Step 3: Do what you came to do:
Now you attached to the process, the process is paused. You can jump around and look at things. For example, you can list the currently running goroutines and their IDs:
(dlv) goroutines [...] Goroutine 2239 - User: ./pkg/sql/create_stats.go:222 github.com/cockroachdb/cockroach/pkg/sql.(*createStatsNode).startJob (0x58d576a) [...]

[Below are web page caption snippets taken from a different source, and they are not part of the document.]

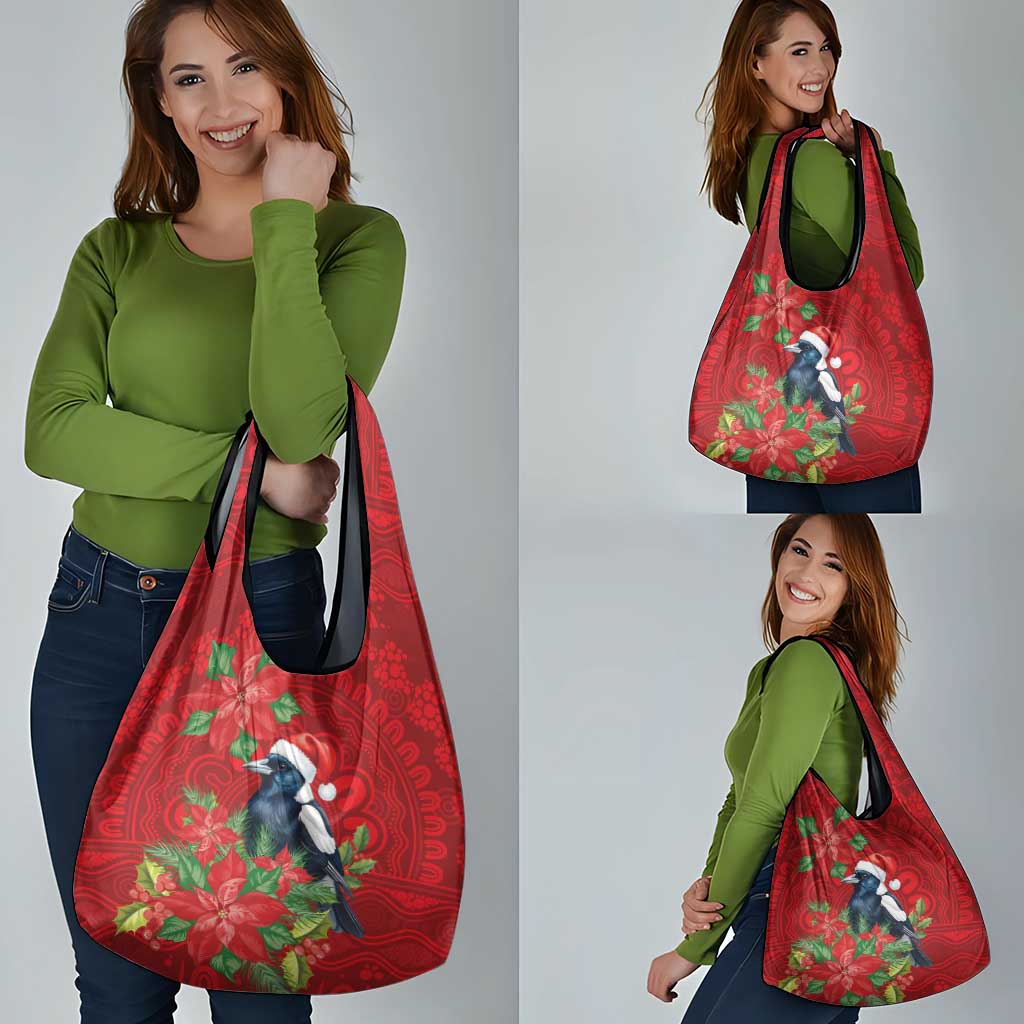 Australian Magpie Grocery Bag Aboriginal Inspired Christmas - Aussie Hoodie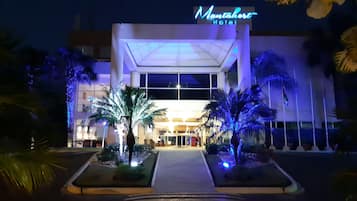 Front of property – evening/night
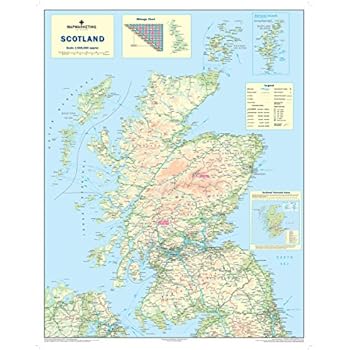 Schottlandkarte, A0, 84,1 x 118,9 cm: Amazon.de: Bürobedarf & Schreibwaren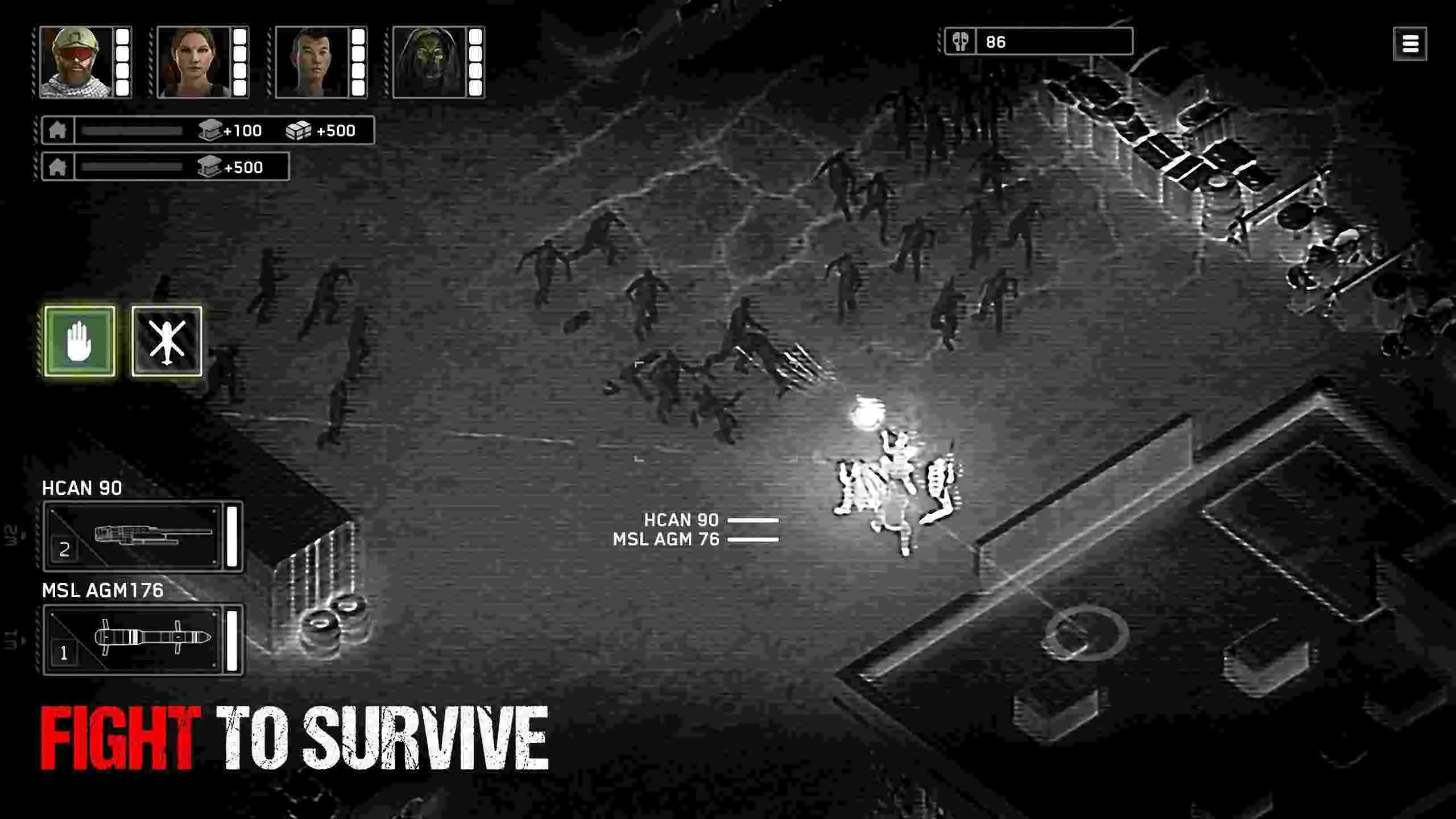 Ảnh 2 của Zombie Gunship Survival Mod APK 1.6.77 (Menu, Vô Hạn Đạn) Các đơn vị bộ binh dưới mặt đất di chuyển trong tầm ngắm hồng ngoại của gunship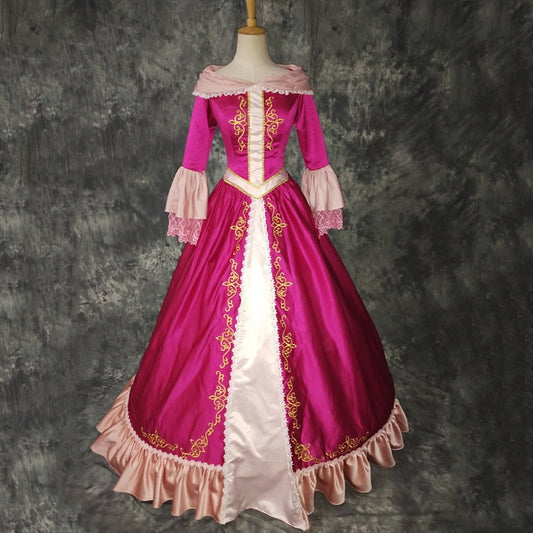 Costume de Cosplay Belle et la Bête pour adulte, robe longue de princesse Bella, cape pour femme, Noël, Halloween, fête sur scène, Belle 2017 de la Belle et la Bête 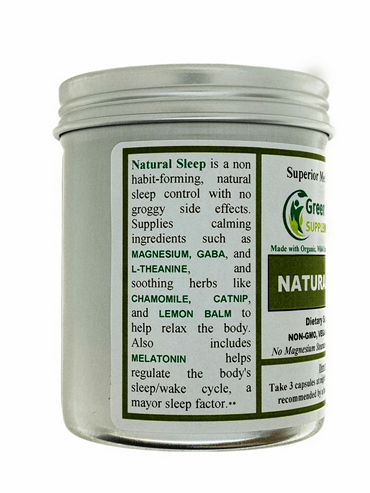 Buy organic supplements - Natural sleep by Green organic supplements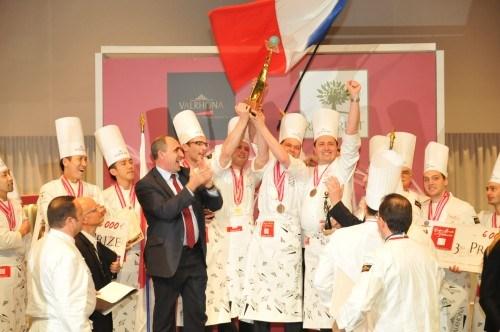La France gagne la Coupe du Monde de la Pâtisserie 2013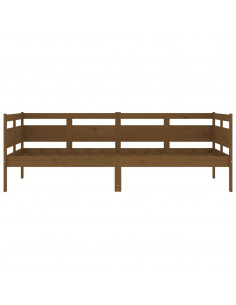 Dormeuse Miele in Legno Massello di Pino 90x190 cm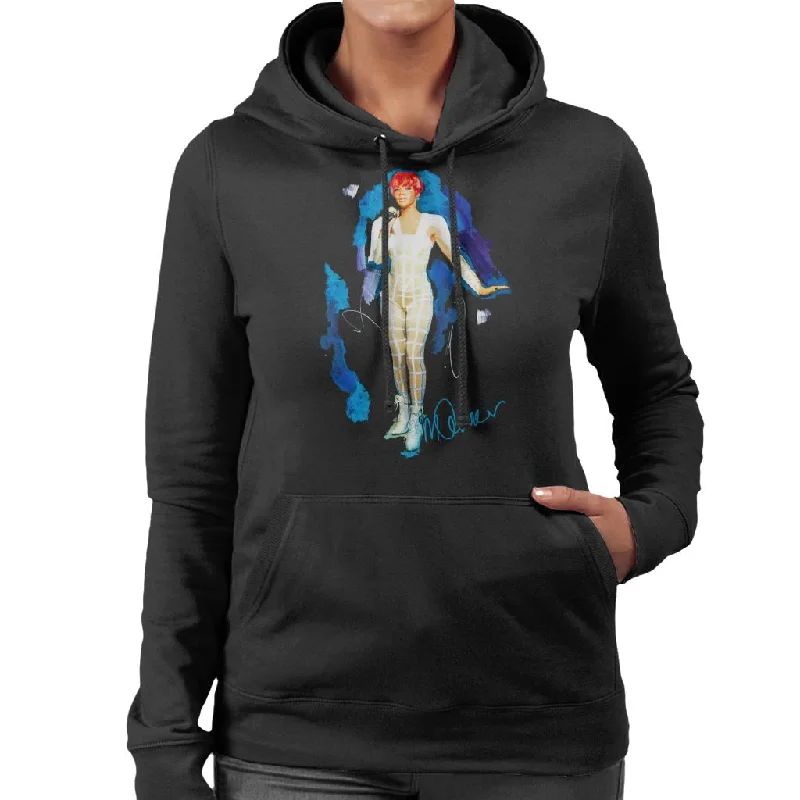 Sidney Maurer Original Portrait Of Rihanna Cut Out Outfit Women's Hooded Sweatshirt Hoodie Jacket Zipper Layering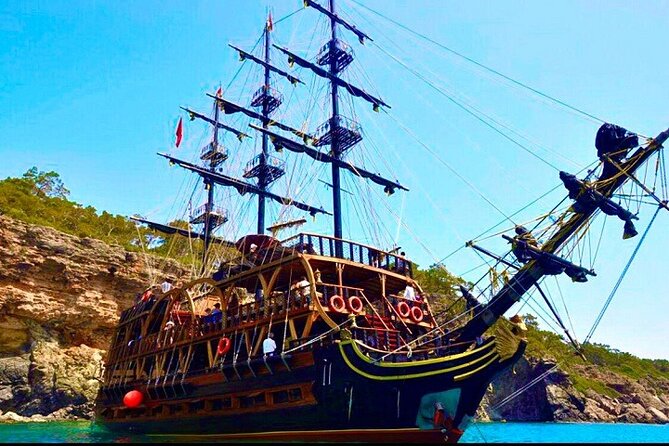 Antalya Pirate Boat from Kemer - Moonlight Bay at Kumluca: The Late-Day Water Stop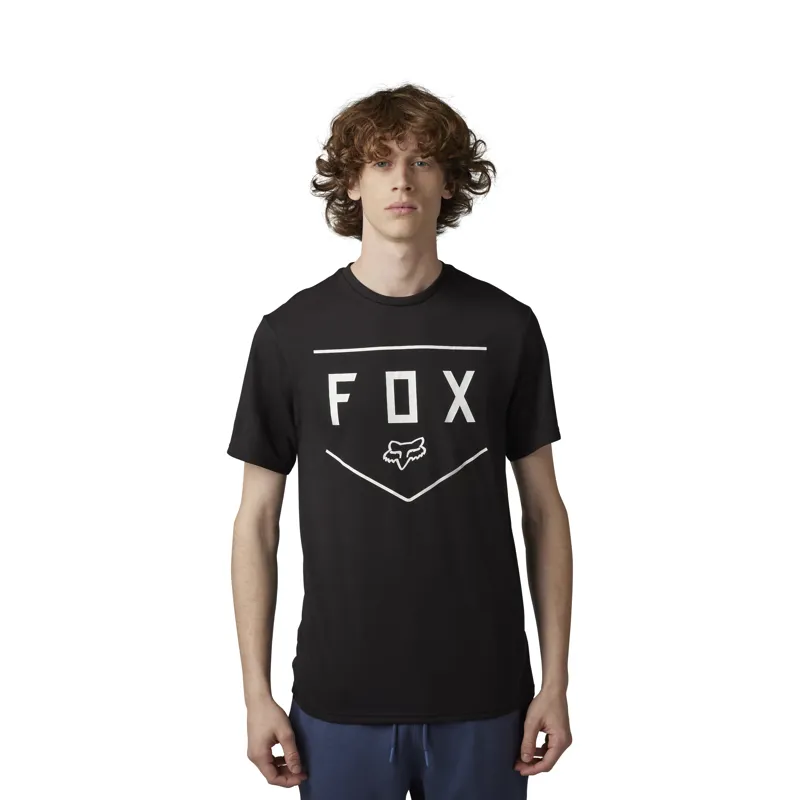 Fox Shield Tech Short Sleeve T-Shirt in Black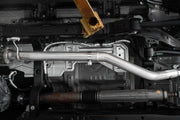 MBRP 2021+ Ford Bronco 2.3L/2.7L EcoBoost 2/4DR Aluminized Steel High Clearance Cat - back Exhaust Exhaust offroad accessory | Iron Ridge Offroad
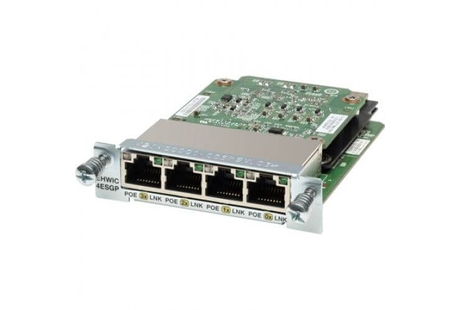 Cisco EHWIC-4ESG-P 4 Port Networking Network Module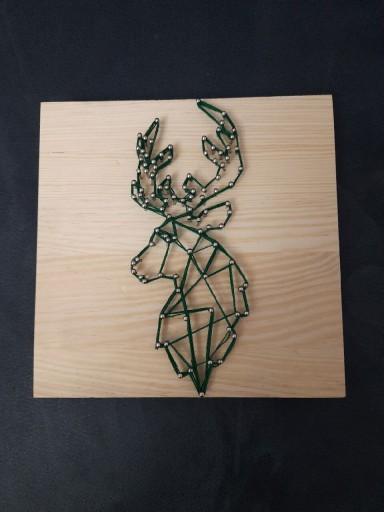 Zdjęcie oferty: Jeleń string art 20x20cm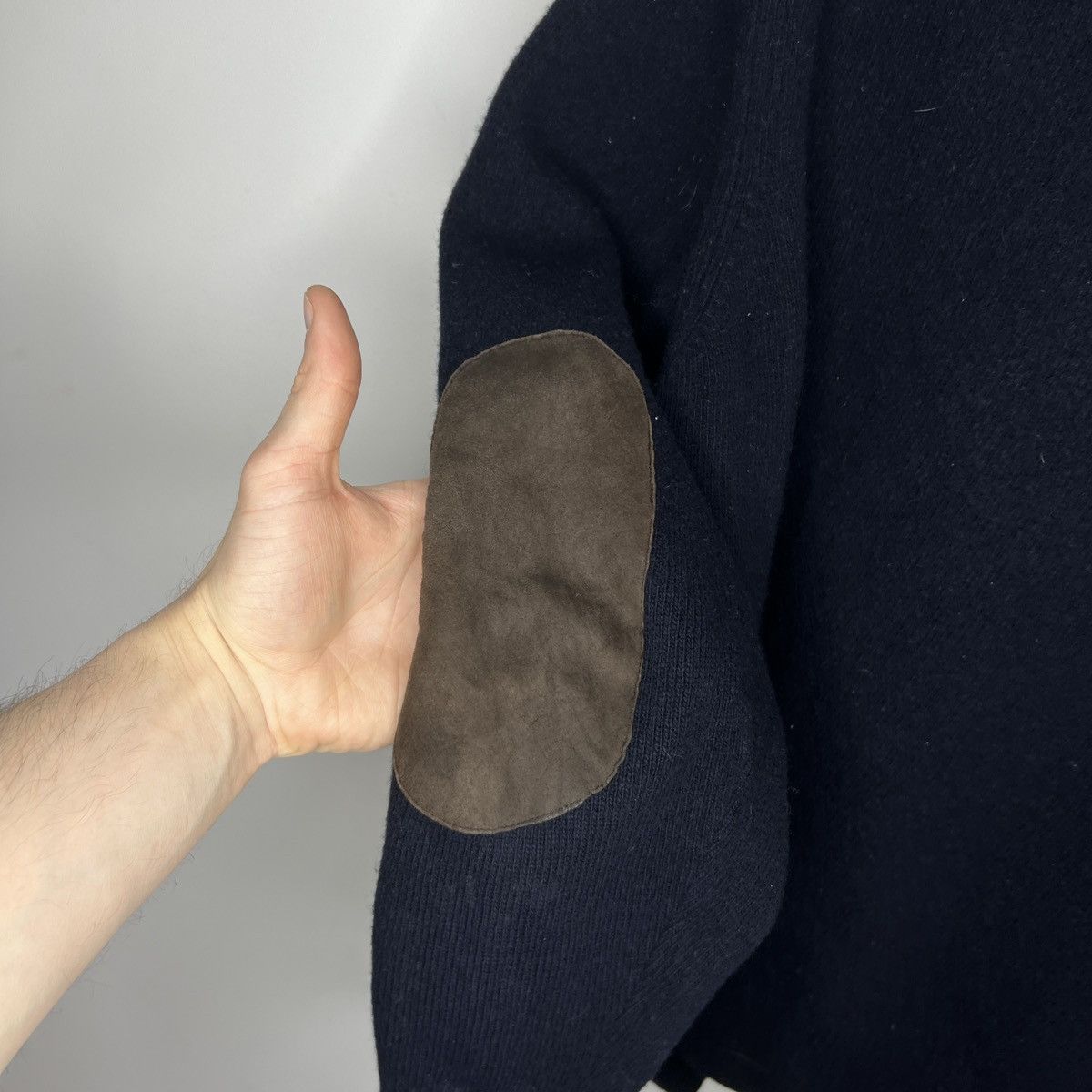 Barbour Barbour Wool Knit Cardigan Button Up Zip Navy Jacket Size US L / EU 52-54 / 3 - 8 Thumbnail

Once you have an interesting goroutine ID (e.g. from stuck goroutine stacks), you can jump to a goroutine:
(dlv) goroutine 2239 Switched from 0 to 2239 (thread 5888500)
Check its trace:
(dlv) bt 0 0x00000000040308eb in runtime.gopark at /usr/local/Cellar/go/1.11.5/libexec/src/runtime/proc.go:303 1 0x0000000004030993 in runtime.goparkunlock at /usr/local/Cellar/go/1.11.5/libexec/src/runtime/proc.go:308 2 0x00000000040082ae in runtime.chanrecv at /usr/local/Cellar/go/1.11.5/libexec/src/runtime/chan.go:520 3 0x0000000004007f9b in runtime.chanrecv1 at /usr/local/Cellar/go/1.11.5/libexec/src/runtime/chan.go:402 4 0x00000000058d576a in github.com/cockroachdb/cockroach/pkg/sql.(*createStatsNode).startJob at ./pkg/sql/create_stats.go:222 5 0x0000000005a3f0c3 in github.com/cockroachdb/cockroach/pkg/sql.(*createStatsNode).startExec.func1 at ./pkg/sql/create_stats.go:76 6 0x000000000405f281 in runtime.goexit at /usr/local/Cellar/go/1.11.5/libexec/src/runtime/asm_amd64.s:1333
Jump to an interesting frame:
(dlv) frame 4 > runtime.gopark() /usr/local/Cellar/go/1.11.5/libexec/src/runtime/proc.go:303 (PC: 0x40308eb) Warning: debugging optimized function Frame 4: ./pkg/sql/create_stats.go:222 (PC: 58d576a) 217: Progress: jobspb.CreateStatsProgress{}, 218: }) 219: if err != nil { 220: return err 221: } => 222: return <-errCh 223: } 224: 225: // maxNonIndexCols is the maximum number of non-index columns that we will use 226: // when choosing a default set of column statistics. 227: const maxNonIndexCols = 100
And print out some state (here n
is the variable name for the *createStatsNode
):
(dlv) p n *github.com/cockroachdb/cockroach/pkg/sql.createStatsNode { CreateStats: github.com/cockroachdb/cockroach/pkg/sql/sem/tree.CreateStats { Name: "__auto__", ColumnNames: github.com/cockroachdb/cockroach/pkg/sql/sem/tree.NameList len: 0, cap: 0, nil, Table: github.com/cockroachdb/cockroach/pkg/sql/sem/tree.TableExpr(*github.com/cockroachdb/cockroach/pkg/sql/sem/tree.TableRef) ..., AsOf: (*"github.com/cockroachdb/cockroach/pkg/sql/sem/tree.AsOfClause")(0xc007d8eb78),}, p: *github.com/cockroachdb/cockroach/pkg/sql.planner { txn: *(*"github.com/cockroachdb/cockroach/pkg/internal/client.Txn")(0xc00b56c240), stmt: *(*"github.com/cockroachdb/cockroach/pkg/sql.Statement")(0xc007d3ab60), semaCtx: (*"github.com/cockroachdb/cockroach/pkg/sql/sem/tree.SemaContext")(0xc00b85b460), [...] run: github.com/cockroachdb/cockroach/pkg/sql.createStatsRun {resultsCh: chan github.com/cockroachdb/cockroach/pkg/sql/sem/tree.Datums 0/0, errCh: chan error 0/0},}
There are a lot of things you can do with dlv
, some of which you can start exploring by running help
while in dlv
. If something is unclear, someone on the #engineering
channel will be willing to help. Hopefully these steps can at least get you started in using a powerful debugging tool to cut down the amount of time spent wondering what's going wrong with a cluster.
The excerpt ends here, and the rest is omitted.